Requirement: Using the data below, restate exactly every line from the one with "a child's room" up to and including the one with "Woman wearing Riley". No picture belongs in it.

[Short descriptive text snippets]
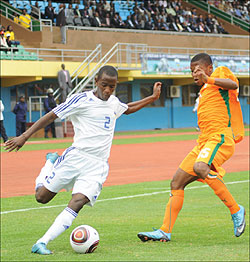 Rusheshangoga takes on an Ivory Coast player during the 2011 Africa U-17 Championship. The youngster has been called up to replace Gabriel Mugabo in Dar es Salaam. The New Times / File.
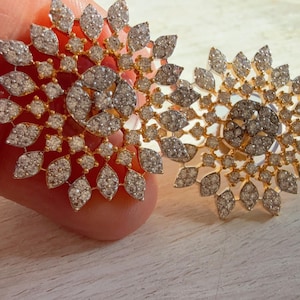 May include: Two gold-toned, floral-shaped earrings. Each earring features a central cluster of small, round diamonds surrounded by leaf-shaped diamond accents. The earrings are held against a light-colored surface.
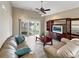 Comfortable living room with a plush sofa, coffee table, entertainment center, and a sliding door to an outdoor patio at 601 Hillside Dr. N # 4535, North Myrtle Beach, SC 29582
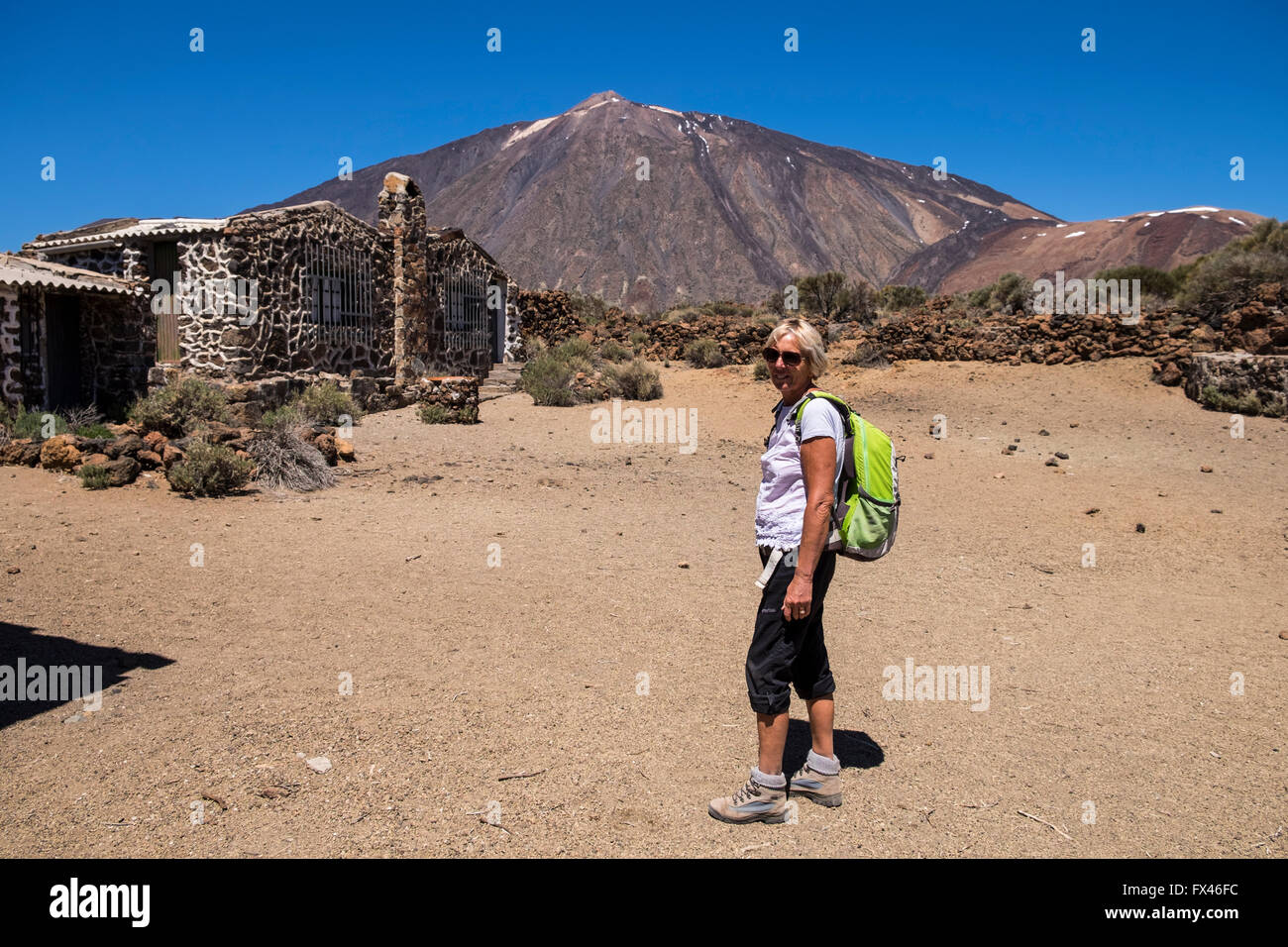 Donna anziana a piedi in Las Canadas del Teide national park, al sanatorio di vecchi edifici con il Teide in background, Te Foto Stock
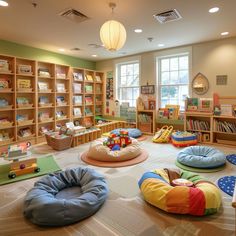 a child's room with lots of books and toys on the floor in it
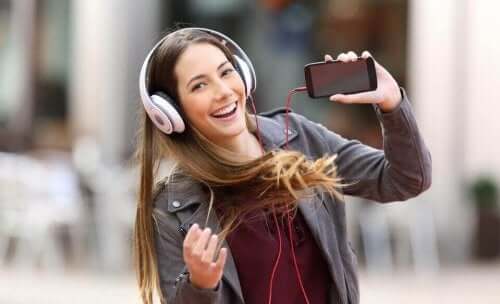 Smilende kvinde lytter til musik i høretelefoner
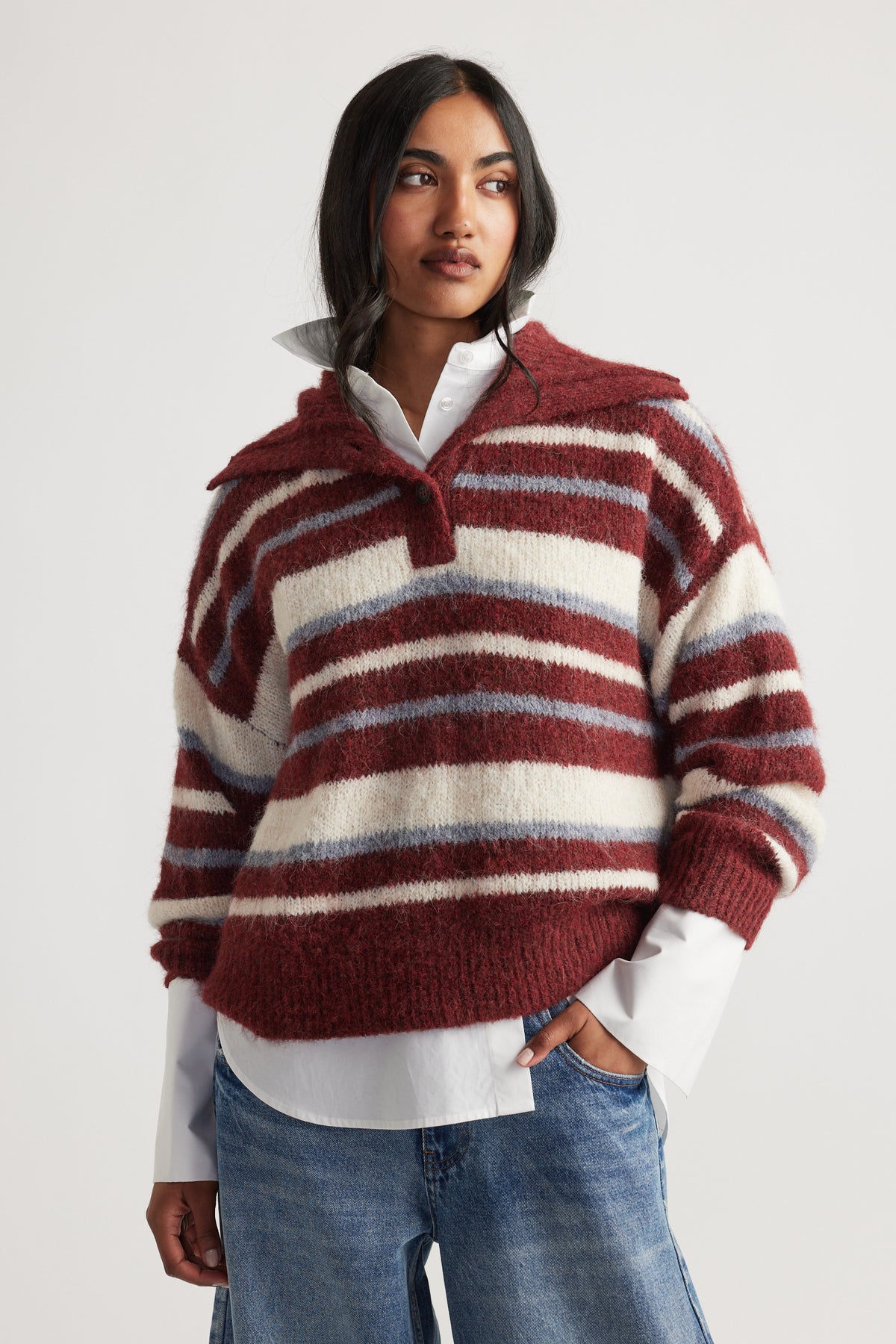Woman wearing Riley Knit Polo with red, cream, and blue stripes layered over white shirt and relaxed denim jeans by DECJUBA Australian brand
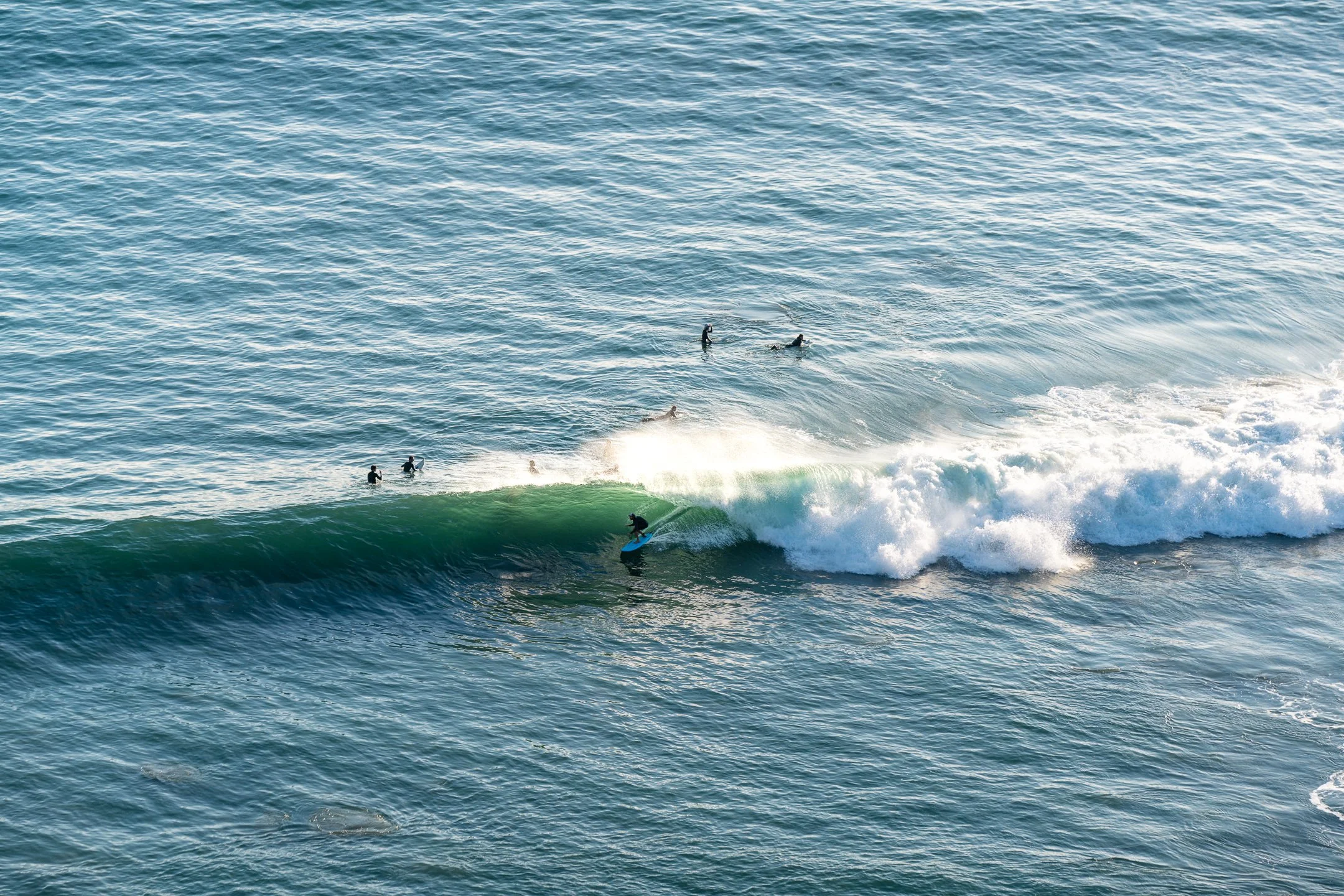 Surfer riding a wave in the ocean with several people swimming nearby.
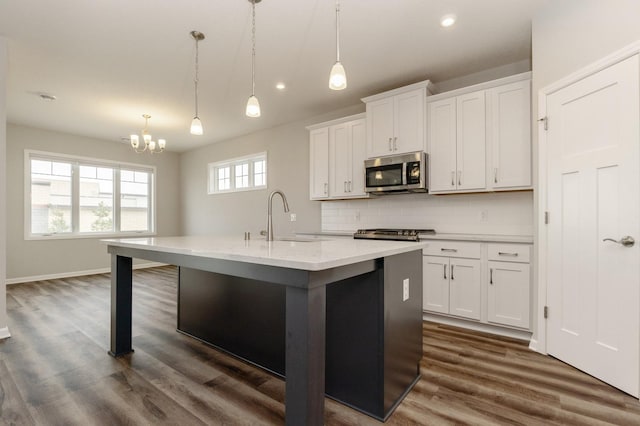 kitchen featuring sink, decorative light fixtures, stainless steel appliances, and a center island with sink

Response for this exercise:
 a child's room with lots of books and toys on the floor in it
 Smilende kvinde lytter til musik i høretelefoner
Woman wearing Riley Knit Polo with red, cream, and blue stripes layered over white shirt and relaxed denim jeans by DECJUBA Australian brand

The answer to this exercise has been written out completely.